Effects of rapamycin on the subcellular distribution (in CV-1 cells coexpressing mitoRFP-FKBP₃) of fluorescent FRB domain-containing protein constructs anchored to membranes via multiply lipid-modified or transmembrane sequences. (A–C) Cell expressing FRB₂-CFP-tH imaged before (A) and 5 min (B) or 60 min (C) after addition of rapamycin (0.5 μM). (D–I) Cells expressing lck(1–10)-FRB₂-CFP (D–F) and LAT(1–35)-FRB₂-CFP (G–I), imaged at the same times as indicated for A–C.

Figure 7.

Rapamycin- or rapalog-induced redistribution to mitochondria of fluorescent FRB-domain-containing constructs incorporating the K-ras4B-targeting sequence or fulllength K-ras4B in CV-1 cells coexpressing the mitoRFP-FKBP₃ construct. (A–F) Subcellular distribution of FRB₂-CFP-tK at 0 (A), 1 (B), 5 (C), 20 (D), and 60 min (E) after addition of rapamycin; (F) distribution of mitoRFP-FKBP₃ in the same cells 60 min after rapamycin addition.

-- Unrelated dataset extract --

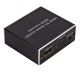 For HDMI Audio Video Converter Audio Splitter For HDMI To HDMI + 3.5 AUDIO + SPDIF black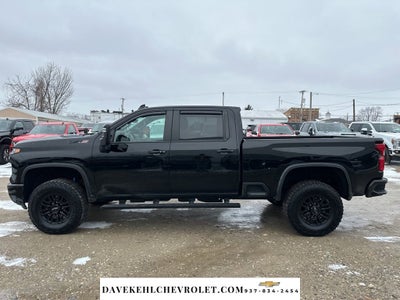 2024 Chevrolet Silverado 2500 HD ZR2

The distribution of mitoRFP-FKBP₃ at 0 min (unpublished data) was very similar. (G–L) Subcellular distribution of FRB₂-CFP-Kras at 0 (G), 2 (H), 5 (I), 10 (J), and 45 min (K) after rapamycin addition; (L) distribution of mitoRFP-FKBP₃ 45 min after rapamycin addition. (M–O) Distribution of FRB₂-CFP-Kras at 0 (M), 10 (N), and 45 min (O) after addition of rapalog AP29167.

Figure 8.

Kinetic analysis of rapamycin-induced intracellular redistribution of FRB₂-CFP-tK and FRB₂-CFP-Kras upon addition of rapamycin or rapalog AP29167 to CV-1 cells coexpressing the mitoRFP-FKBP₃ protein. (A) Time courses of redistribution of FRB₂-CFP-tK upon addition of 0.5 μM rapamycin (•)or1 μM rapalog (○). (B) Redistribution of FRB₂-CFP-Kras upon addition of rapamycin (•) or rapalog (○).